Eyes, guts and gills rarely show up in the rock record. Bacteria are so ardent and ubiquitous that they eat away soft tissue long before sediment can turn to stone. Typically only shells, bones and teeth endure.
And yet paleontologists have discovered troves of exquisite fossils of entirely soft-bodied animals, such as the four-eyed arthropod Leanchoilia (above), that lived half a billion years ago. How can that be?
It turns out that the chemical makeup of the ocean half a billion years ago was very different than it is today. This period of extreme ocean chemistry stymied hungry bacteria and hindered decay -- granting humanity insight into a stage of our early ancestry that otherwise would have been lost to us forever.
Take Leanchoilia. It is just one of dozens of curious creatures, without skeletons or other hard parts, that represent the immediate aftermath of the Cambrian Explosion, the rapid flowering of complex life from our single-celled ancestors.
For more than a century since Leanchoilia and other soft-bodied creatures were first discovered in the famous Burgess Shale of British Columbia, scientists have wondered what made this peculiar preservation possible. The problem has been identifying conditions unique to that time period, explains Tim Lyons, a biogeochemist at the University of California, Riverside.

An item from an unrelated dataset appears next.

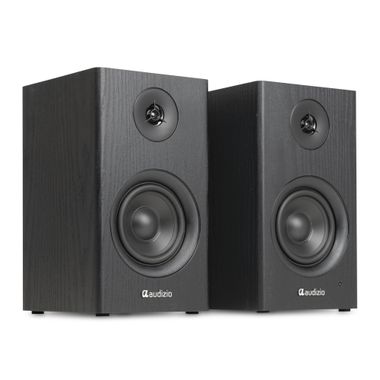 BS15 Active Bookshelf Speaker Set 60W BT Black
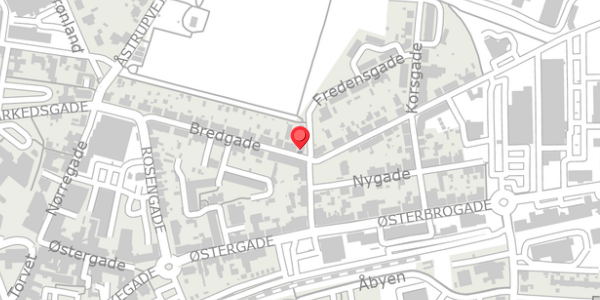 Trafikstøjkort på Bredgade 47, 8500 Grenaa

Now, a team led by paleontologist Robert Gaines of Pomona College in Claremont, Calif., has identified a striking global pattern of seawater chemistry that could finally explain how Leanchoilia and its contemporaries eluded decay. Their new interpretation, published in Proceedings of the National Academies of Science, entails three special conditions that came together to keep hungry bacteria at bay: a dearth of oxygen, not much sulfate and a surplus of calcium carbonate.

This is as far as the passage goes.